» INSTRUCTIONS FOR THE TASK: Output exactly, and only, the lines below from the one with "Mechanic lifter hand" down to the one with "Emblemat SpaceX CRS-29". Include both end lines and no pictures.

» GIVEN DATA:
....
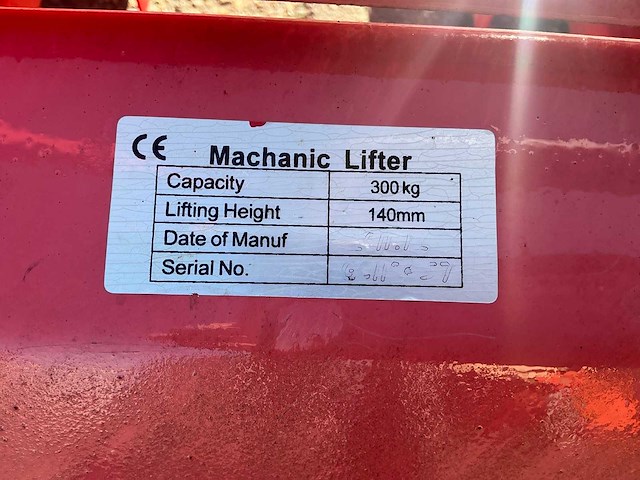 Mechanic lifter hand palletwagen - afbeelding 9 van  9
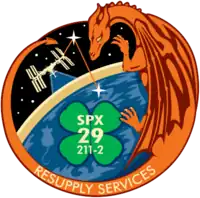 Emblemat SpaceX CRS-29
....
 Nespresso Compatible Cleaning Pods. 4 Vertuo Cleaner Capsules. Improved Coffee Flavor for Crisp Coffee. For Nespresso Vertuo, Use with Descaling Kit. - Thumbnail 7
....
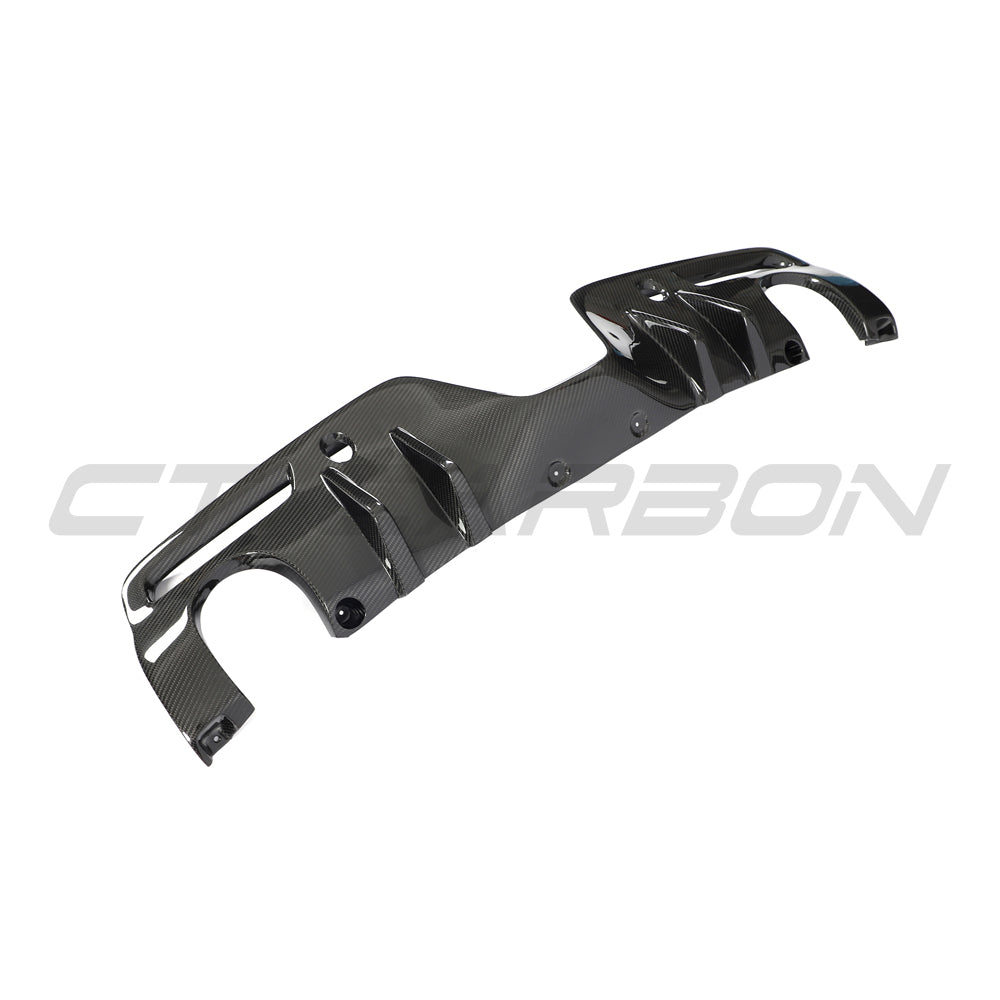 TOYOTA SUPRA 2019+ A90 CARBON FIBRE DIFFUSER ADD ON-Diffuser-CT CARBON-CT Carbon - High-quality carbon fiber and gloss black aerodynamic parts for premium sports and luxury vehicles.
....
» WRITTEN RESPONSE:
 Mechanic lifter hand palletwagen - afbeelding 9 van  9
 Emblemat SpaceX CRS-29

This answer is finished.